### Records supplied
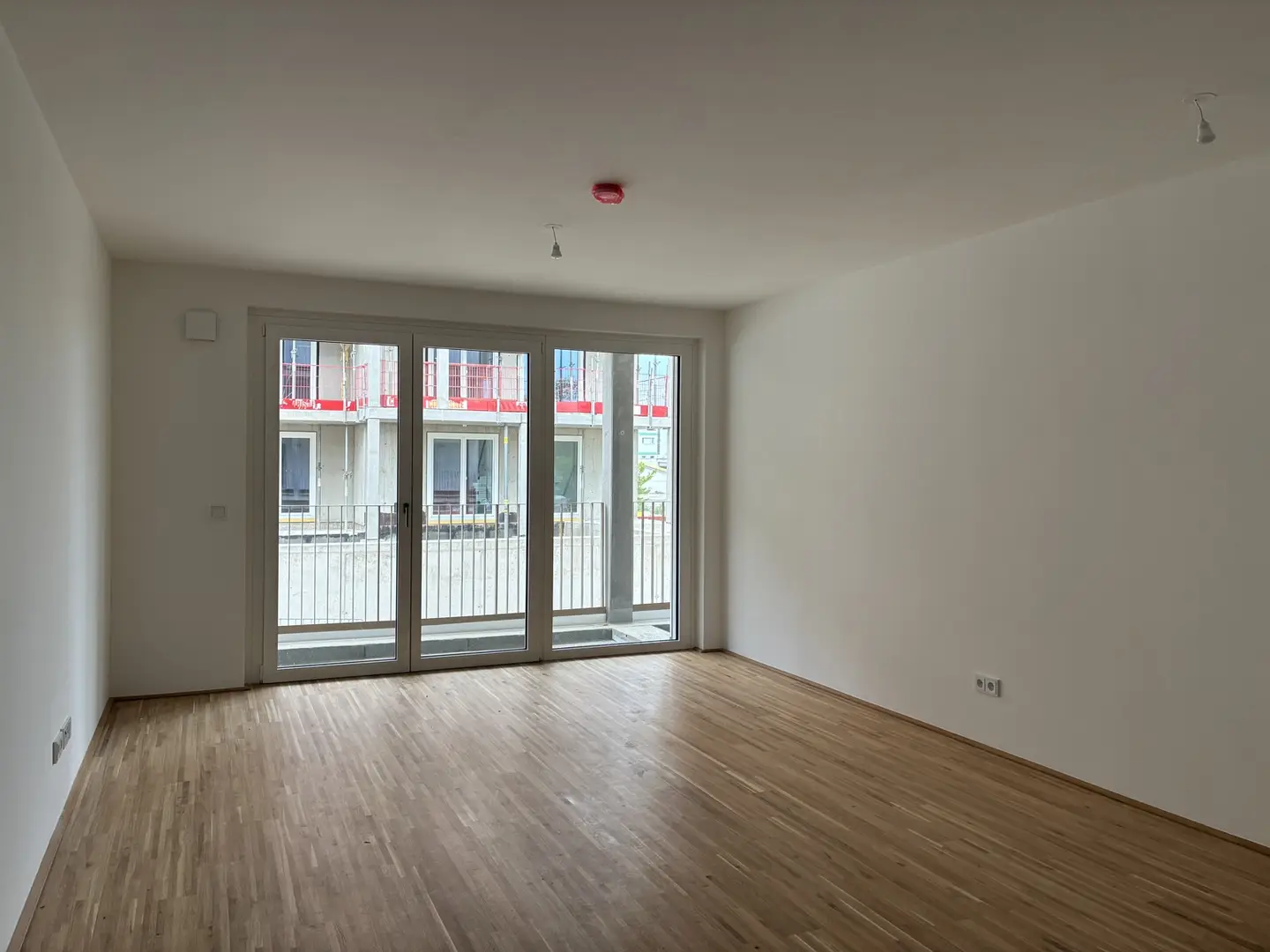 Erdgeschosswohnung mit Loggia und Parkett in Vösendorf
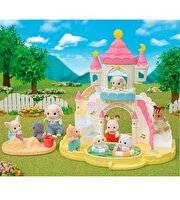 Sylvanian Families Anaokulu Havuzlu Şato
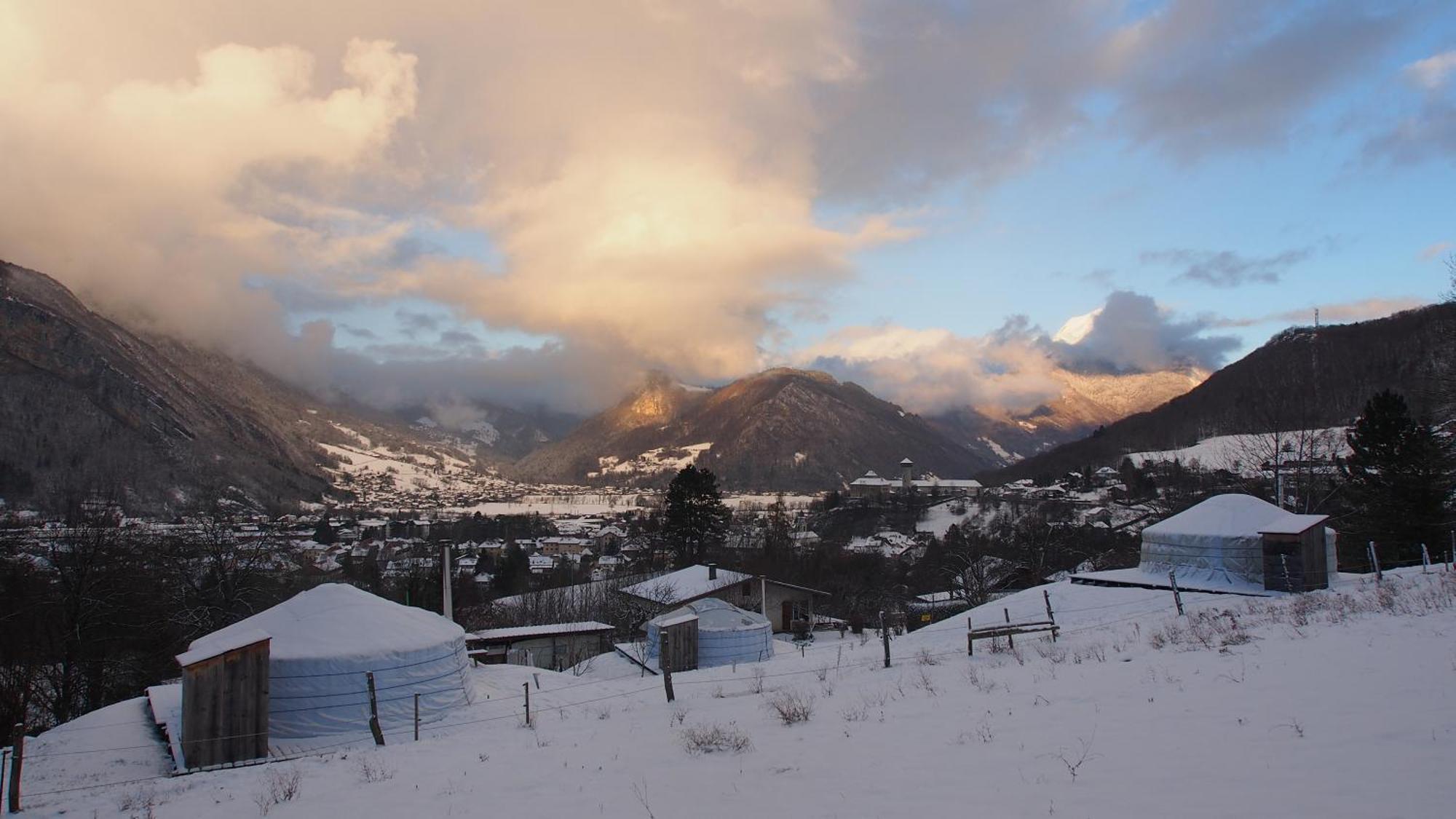 Yourtes Olachat Proche Annecy Faverges Exterior photo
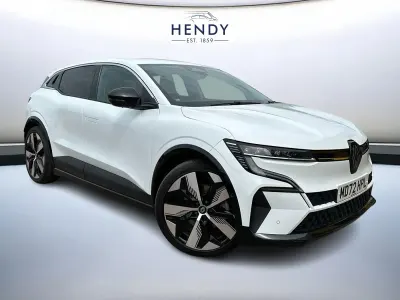 Used Renault Megane E-Tech Techno 159 kW (217 HP) 2022 White  Hatchback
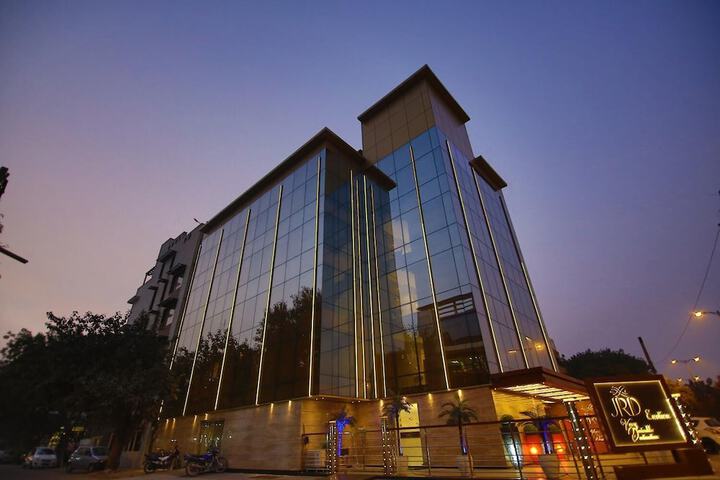 Hotel Exterior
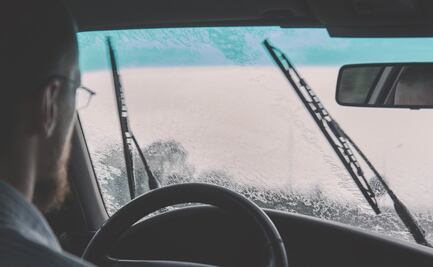 Cómo quitar lo empañado de los vidrios del auto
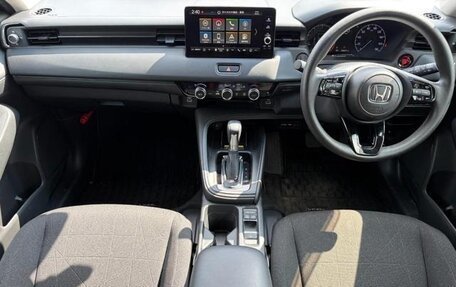 Honda Vezel, 2022 год, 1 780 325 рублей, 11 фотография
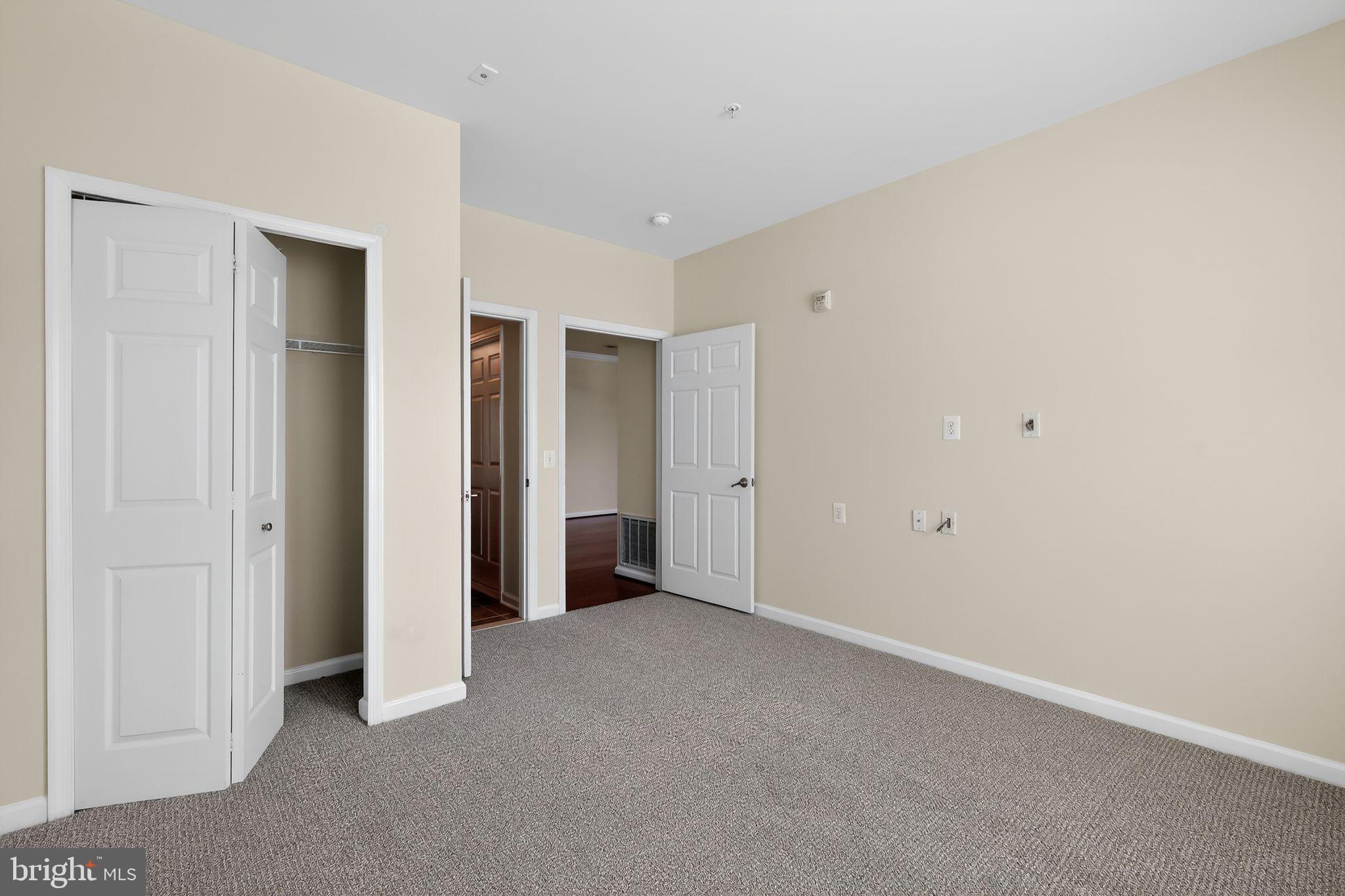 1624 HARDWICK COURT 104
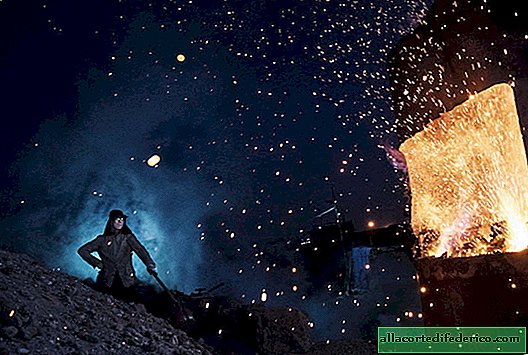 22 застрашујуће фотографије како људи раде у подземној челичани у Кини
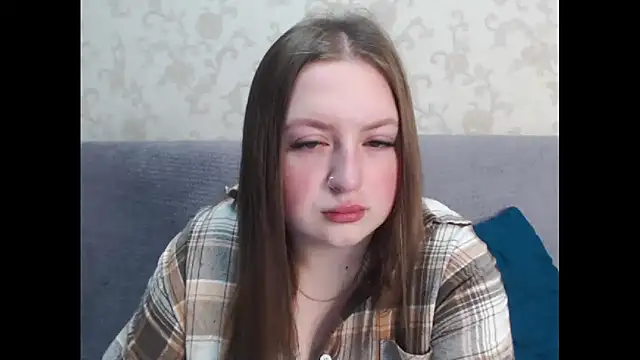 Snapshot of GirlPlayer chatting on 11/25/25, 01:27 GirlPlayer online show from 11/25/25, 01:27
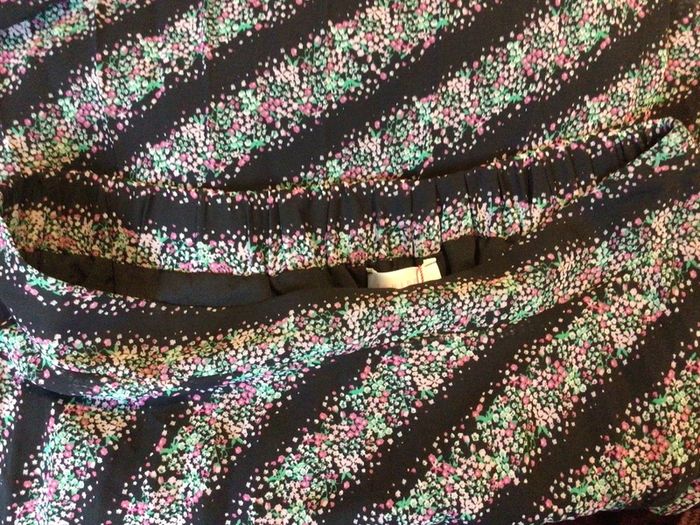 BNWTS Savida Black ditzy floral pleated midi Skirt size S 8/10 includes postage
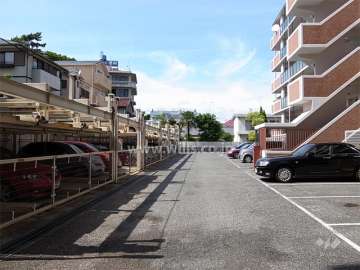敷地内駐車場（平面式と機械式とがあります。）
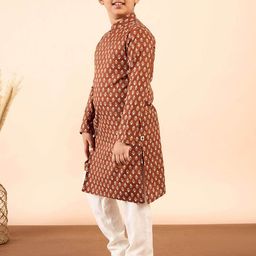 Stylo Bug Boys Floral Printed Regular Pure Cotton Kurta with Pyjamas & With Dupatta image 4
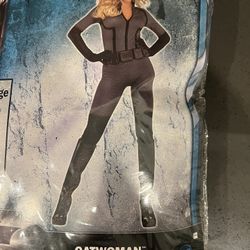 Catwoman Costume - New Size XL 14-16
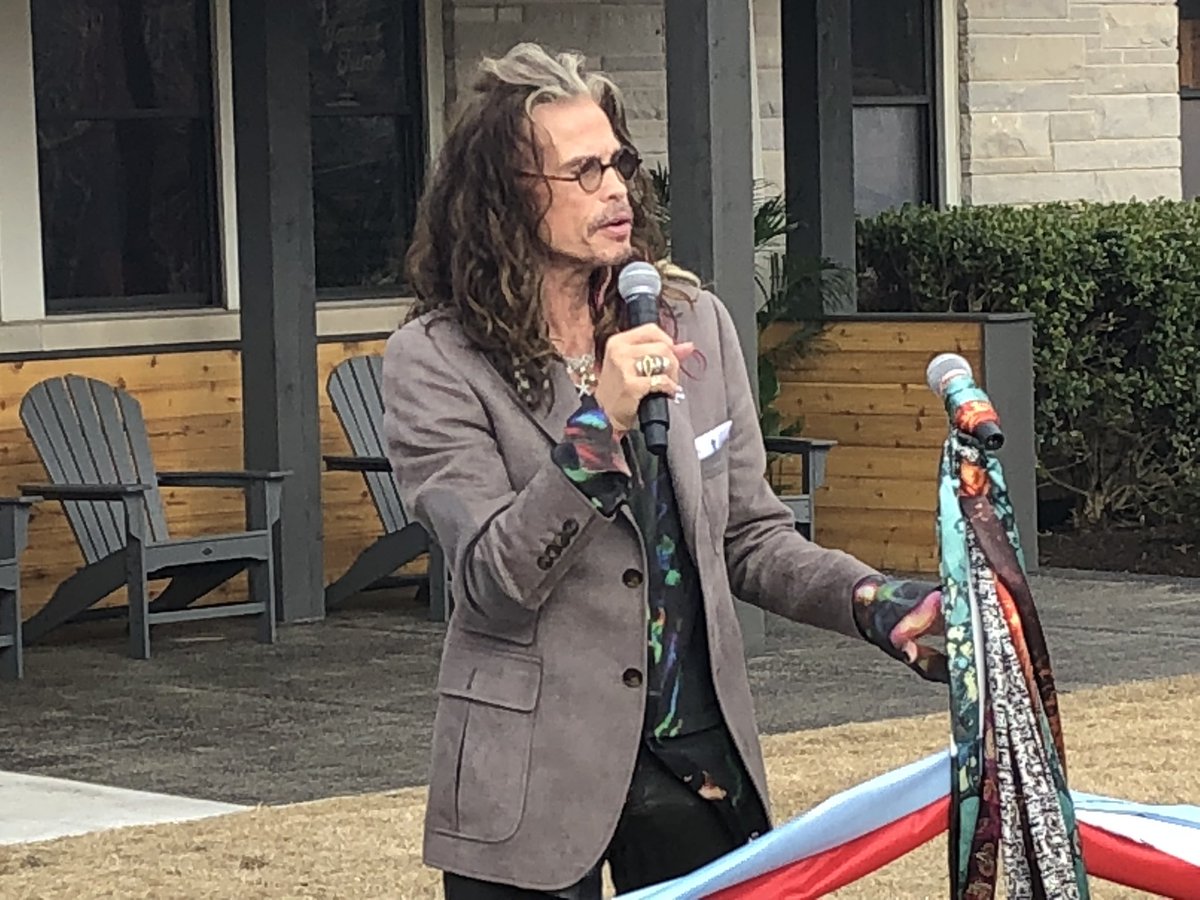 STEVEN TYLER inaugura casa para mulheres vítimas de abuso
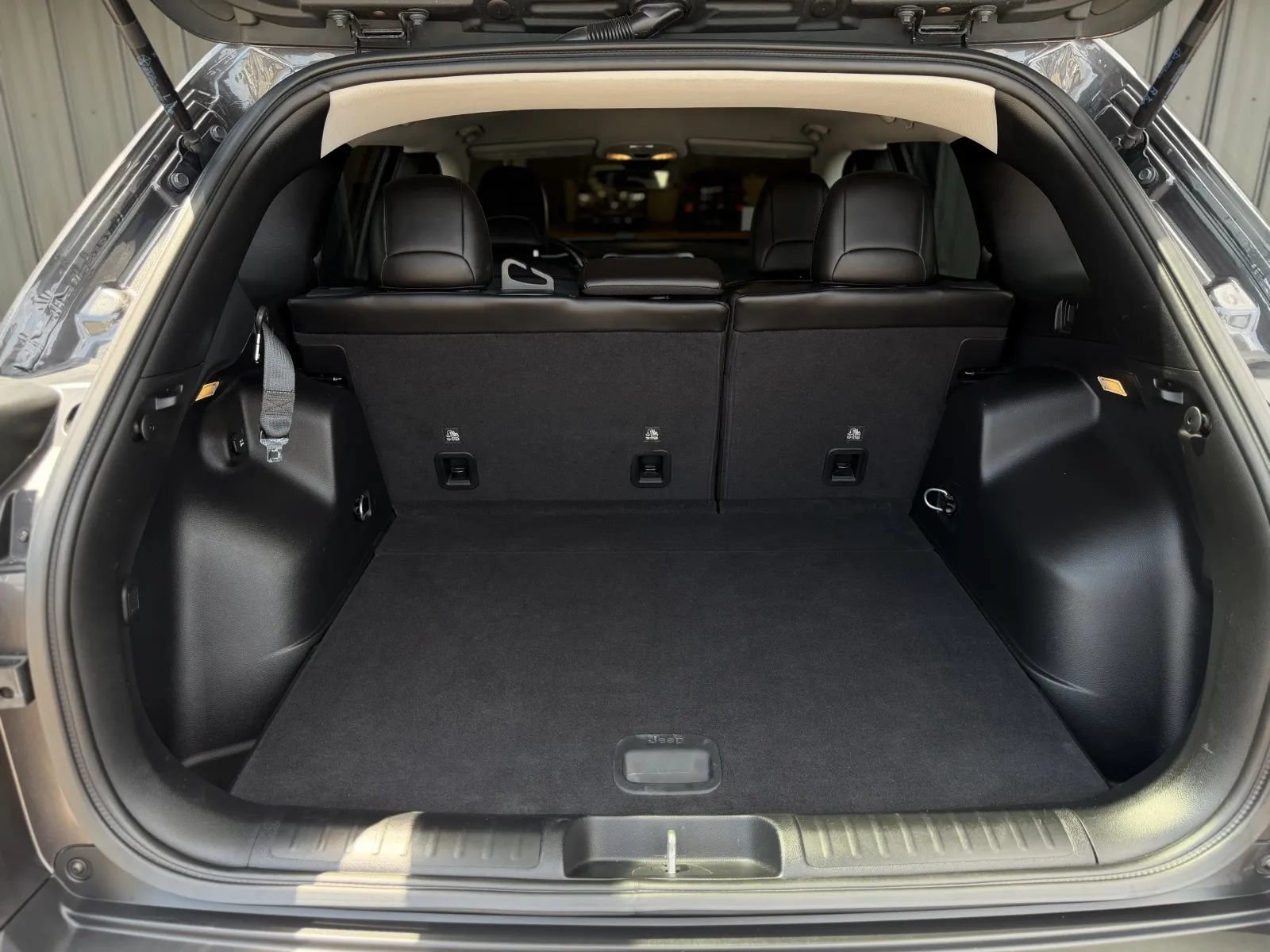 Used 2021 Jeep Cherokee Latitude Lux FWD image 17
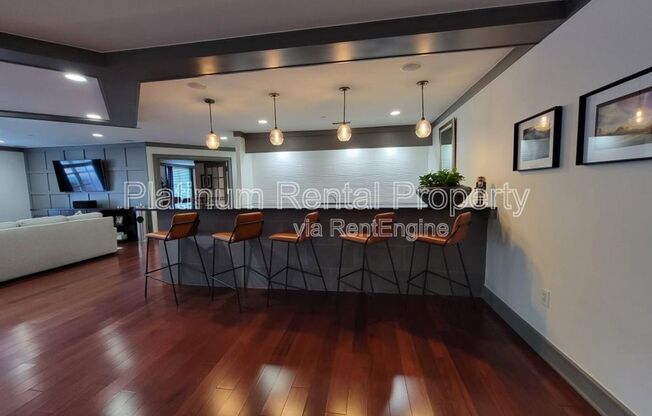 2 beds, 2 baths, 1,131 sqft, $2,200, Unit 617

### Task to complete
Extract the run of lines from the line holding "STEVEN TYLER inaugura" through the final line of the material above, exactly and inclusively. Leave the pictures behind.

### Output
 STEVEN TYLER inaugura casa para mulheres vítimas de abuso
 Used 2021 Jeep Cherokee Latitude Lux FWD image 17
 2 beds, 2 baths, 1,131 sqft, $2,200, Unit 617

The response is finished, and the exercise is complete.